In SVM approach, the parameter ε controls the sparseness of the solution in an indirect way. However, it is difficult to come up with a reasonable value of ε without the prior information about the accuracy of output values. Schölkopf, Smola, Williamson, and Bartlett (2000) and Chalimourda, Schölkopf, and Smola (2004) modify the original ε-SVM and introduce v-SVM, where a new parameter v controls the number of support vectors and the points that lie outside of the ε-insensitive tube. Then, the value of ε in the v-SVM is traded off between model complexity and slack variables via the constant v.

In many real applications, the observed input data cannot be measured precisely and usually described in linguistic levels or ambiguous metrics. However, traditional support vector classifier machine (SVCM) method cannot cope with qualitative information. It is well known that fuzzy logic is a powerful tool to handle fuzzy and uncertain data. Some scholars have explored the fuzzy support vector machine (FSVM). For pattern classification problems, Shieh and Yang (2008) apply a fuzzy SVM to construct a classification model of product form design based on consumer preferences by allocating continuous and discrete attributes to the product form. Each product sample was assigned a class label, and a fuzzy membership, which is used to describe the semantic differential score corresponding to this label. To better handle uncertainties existing in real classification data and in the membership functions in the traditional type-1 fuzzy logic system, Chen, Li, Harrison, and Zhang (2008) apply interval type-2 fuzzy sets to construct a type-2 SVMs fusion FLS. This type-2 fusion architecture takes consideration of the classification results from individual SVC and generates the combined classification decision as the output. Yang, Jin, and Chuang (2006) propose system uses both fuzzy support vector machines and the variable-degree variable-step-size least-mean-square algorithm to achieve these objectives. They apply fuzzy memberships to each point, and provide different contributions to the decision learning function for support vector machines. However, the fuzzy support vector classifier machines mentioned in the above literatures are not suitable for the input and output variables described as triangular fuzzy numbers. Then, this paper focuses on the modeling of the optimal problem on triangular fuzzy numbers space.

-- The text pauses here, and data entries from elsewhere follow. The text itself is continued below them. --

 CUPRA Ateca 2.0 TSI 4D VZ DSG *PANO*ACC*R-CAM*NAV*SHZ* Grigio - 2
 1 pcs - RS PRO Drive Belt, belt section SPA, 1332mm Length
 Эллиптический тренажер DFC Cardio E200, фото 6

It is obvious that the left and right parts of triangular fuzzy number can represent the uncertain information of expert judgement. For ordinary fuzzy SVCM, all fuzzy information is transformed into a crisp number via membership or a mapping (Wu et al., 2009), the classifier analysis is based on the dealt sample set with crisp numbers. However, the paper suggests a novel fuzzy v-SVCM. The major novelty of the present work is that the inputs and outputs are described by triangular fuzzy numbers, and hence it allows a more effective description of fault system involving uncertainties. Additionally, the parameters pertaining in formulation are determined via PSO-based search. Compared with ordinary SVCM, the fuzzy SVCM model in triangular fuzzy number space, whose constraint conditions of are three times that of standard SVCM, establishes the optimal problem based on the left, middle and right of triangular fuzzy number respectively. In a word, the uncertain information is considered into the establishment of the novel fuzzy v-SVCM, as is suitable to complex nonlinear fuzzy fault system problems with uncertain influencing factors.

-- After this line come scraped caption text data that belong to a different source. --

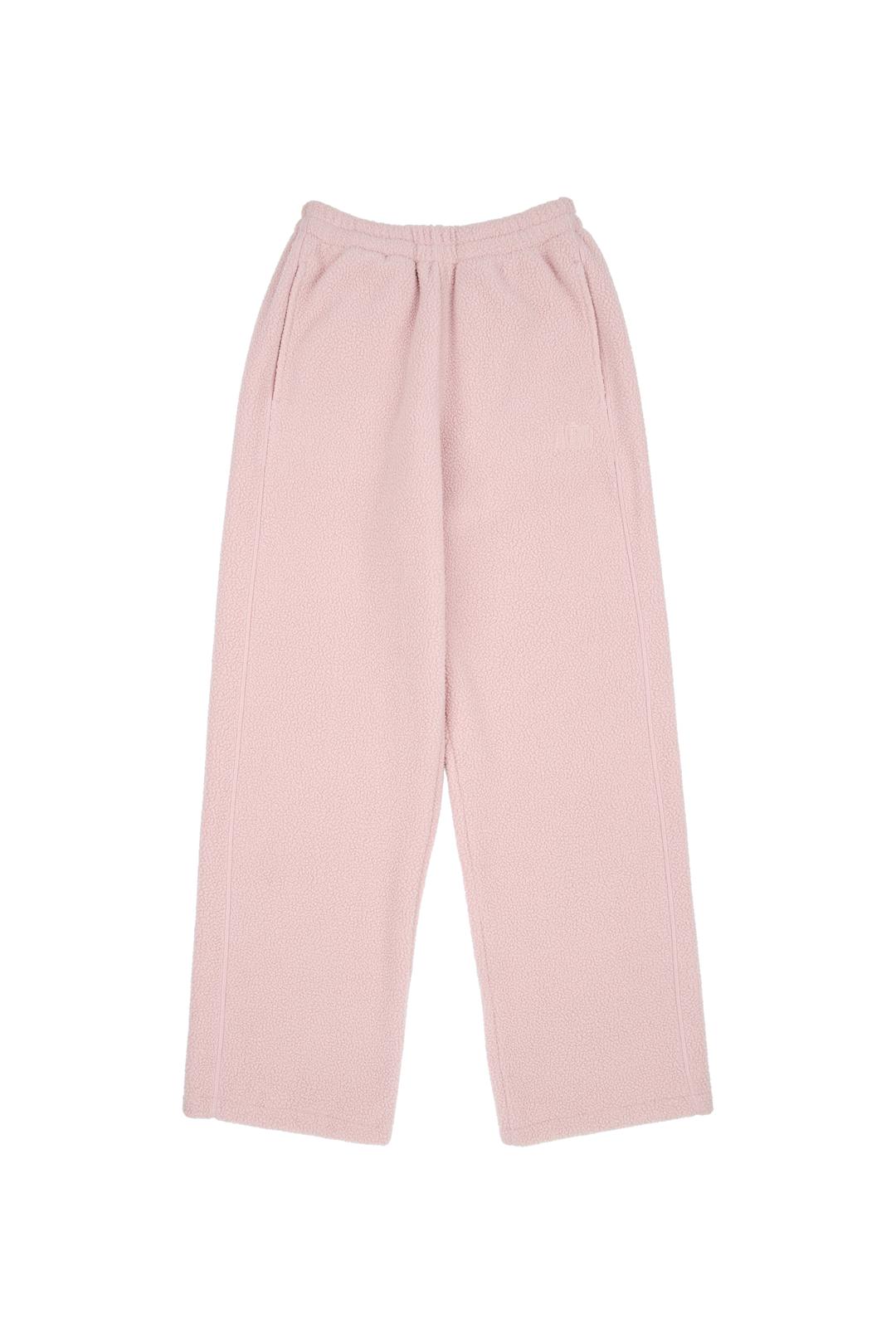 ARU FLEECE PANTS, PINK (10.27 출고예정)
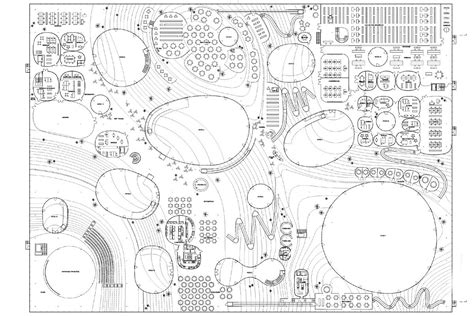 sanaa Rolex center plan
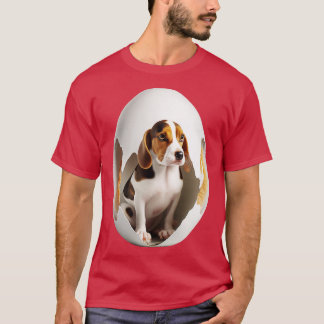 dog in the egg 90 T-Shirt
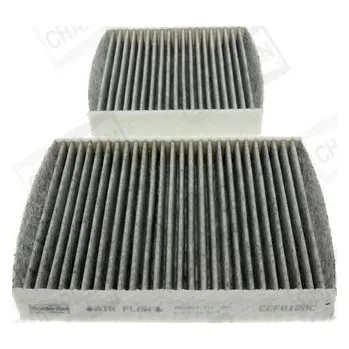 Ventilátor topení a klimatizace Filtr, vzduch v interiéru CHAMPION CCF0120C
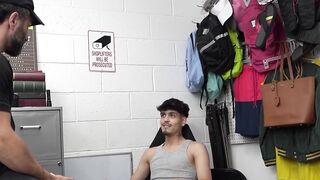Fernando takes Adam Ramzis massive dick deep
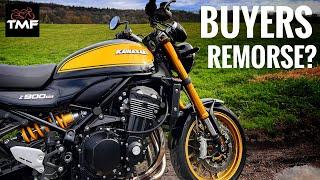 Kawasaki Z900 RS - Did I make a mistake?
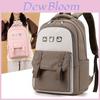 Fashionable Primary School Backpack For 2-6 Grade Students Cute Double Shoulder Bag Wholesale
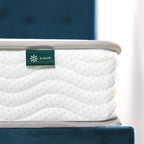 ZINUS 6 Inch Foam and Spring Mattress, Queen, CertiPUR-US Certified Foams, Mattress in A Box, White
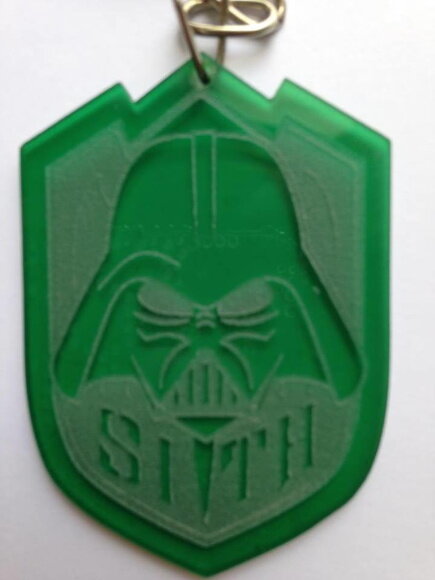 Kit chaveiro modelo Star Wars- Sith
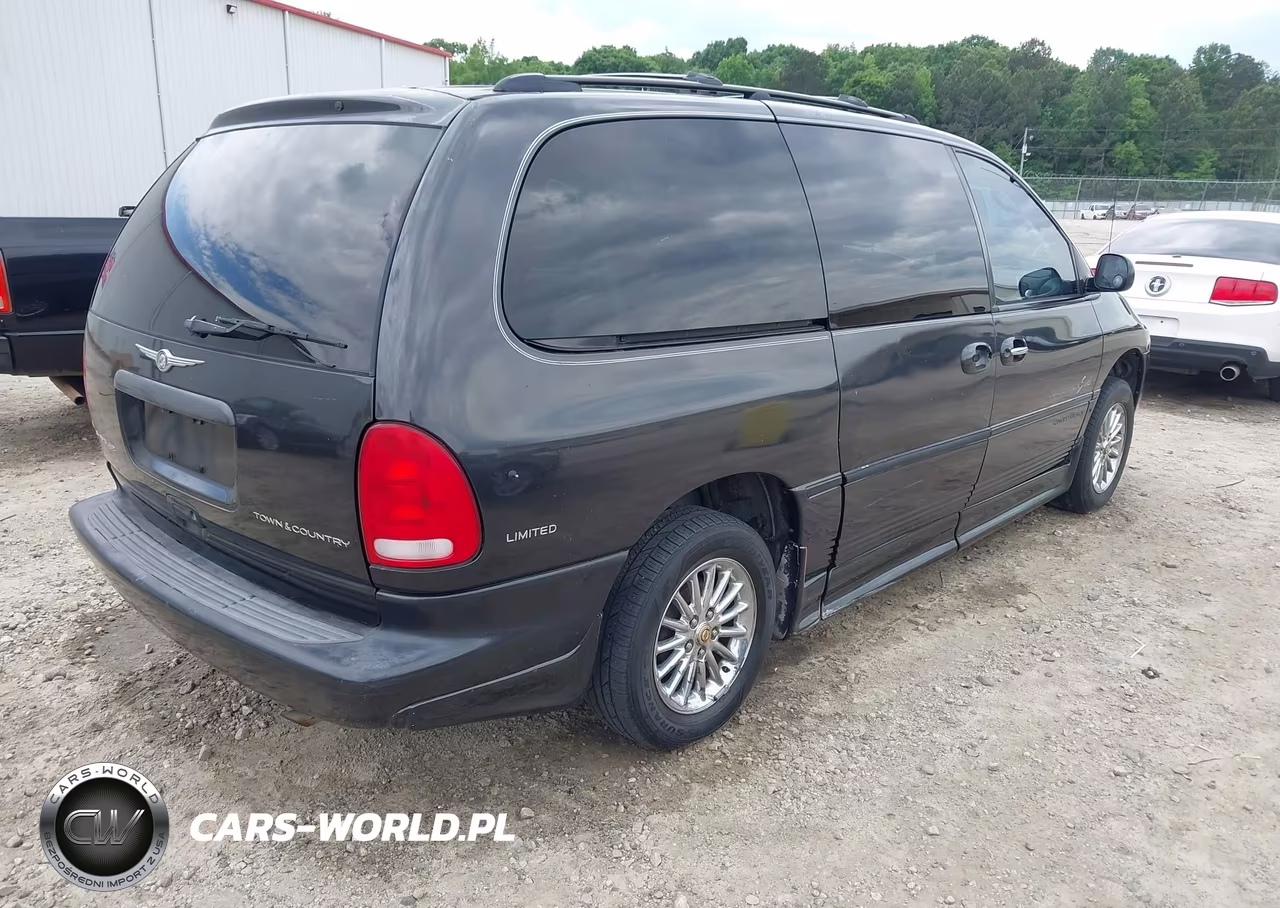 1999 Chrysler Town & Country Limited VIN:1C4GP64L0XB892895 - 4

Based on the TF v-SVCM, an intelligence diagnosis approach for car assembly line with multi-dimension, nonlinearity, fuzzy feature and uncertain characteristics is proposed in this paper. TF v-SVCM is arranged in Section 2. Section 3 construct an intelligent diagnosing model based on the proposed TF v-SVCM and particle swarm optimization algorithm (PSO). Section 4 gives an application of the intelligence diagnosing system based on the TF v-SVCM model optimized by PSO algorithm. Section 5 draws the conclusions.